Publication date: 10th April 2024
Solid-state batteries based on a ceramic electrolyte and lithium metal anode promise to transform battery safety and energy density, but both charging and discharging rates are limited to below what is required. On discharge, voids form in the lithium metal at the Li/solid electrolyte interface due to limited Li metal creep at practical stack pressures and under practical current densities. These voids accumulate on cycling, leading to detachment of the Li anode and consequently high local currents during charge, triggering the growth of dendrites (filaments of Li metal that penetrate the ceramic electrolyte) resulting in short-circuit and cell failure. Furthermore, even without any prior voiding, charging currents are limited to levels too low for practical applications by dendrite formation. Important efforts are being made to understand dendrites in ceramic electrolytes and to mitigate them.

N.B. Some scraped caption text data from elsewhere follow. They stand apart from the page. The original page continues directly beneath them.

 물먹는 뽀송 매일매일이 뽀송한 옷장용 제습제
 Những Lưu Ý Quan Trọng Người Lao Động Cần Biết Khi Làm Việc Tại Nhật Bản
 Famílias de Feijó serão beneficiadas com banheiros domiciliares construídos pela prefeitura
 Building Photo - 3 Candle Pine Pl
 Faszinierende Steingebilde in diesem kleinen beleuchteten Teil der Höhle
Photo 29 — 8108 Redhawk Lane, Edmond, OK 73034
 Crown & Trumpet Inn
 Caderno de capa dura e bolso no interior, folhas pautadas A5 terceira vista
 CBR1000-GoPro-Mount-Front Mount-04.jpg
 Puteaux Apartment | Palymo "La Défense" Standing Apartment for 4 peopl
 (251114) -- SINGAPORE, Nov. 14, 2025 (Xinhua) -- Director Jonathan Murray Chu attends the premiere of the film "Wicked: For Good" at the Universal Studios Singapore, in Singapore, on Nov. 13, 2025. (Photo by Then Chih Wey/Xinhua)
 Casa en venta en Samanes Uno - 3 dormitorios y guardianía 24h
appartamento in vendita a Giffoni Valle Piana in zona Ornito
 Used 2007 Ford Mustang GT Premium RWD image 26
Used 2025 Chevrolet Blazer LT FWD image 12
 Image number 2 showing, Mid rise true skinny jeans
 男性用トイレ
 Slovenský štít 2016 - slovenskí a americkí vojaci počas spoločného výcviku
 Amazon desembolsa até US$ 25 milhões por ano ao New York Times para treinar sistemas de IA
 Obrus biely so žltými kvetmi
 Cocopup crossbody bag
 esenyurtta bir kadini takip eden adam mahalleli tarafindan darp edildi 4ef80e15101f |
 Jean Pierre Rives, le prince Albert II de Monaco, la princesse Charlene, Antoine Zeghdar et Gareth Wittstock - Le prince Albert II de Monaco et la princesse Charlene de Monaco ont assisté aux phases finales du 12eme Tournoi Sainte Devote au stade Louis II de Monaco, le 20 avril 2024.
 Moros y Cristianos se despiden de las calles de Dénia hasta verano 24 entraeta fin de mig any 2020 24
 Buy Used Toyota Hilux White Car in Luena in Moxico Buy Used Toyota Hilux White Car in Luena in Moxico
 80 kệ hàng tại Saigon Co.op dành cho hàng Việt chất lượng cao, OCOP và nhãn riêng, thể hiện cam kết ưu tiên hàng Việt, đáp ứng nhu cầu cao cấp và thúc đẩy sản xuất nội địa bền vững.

We describe the formation and progression of lithium dendrites, informed by observing dendritic cracks operando using X-ray computed tomography (XCT). Dendrites are found to follow a two-stage process of initiation then propagation, with distinct mechanisms for each. Initiation occurs in sub-surface pores where pressure builds to exceed the local fracture strength at the grain boundaries, by the mechanism of slow lithium extrusion. Propagation involves dry cracks, with Li driving the crack forward from the rear by a wedge-opening mechanism, rather than lithium at the crack tip, as had often been assumed previously. Informed by the description of dendrite cracks, we control the microstructure of an Argyrodite (Li6PS5Cl) solid electrolyte and examine the impact of different microstructures on the dendrites. These studies consider how microstructure influences critical current densities for dendrite growth.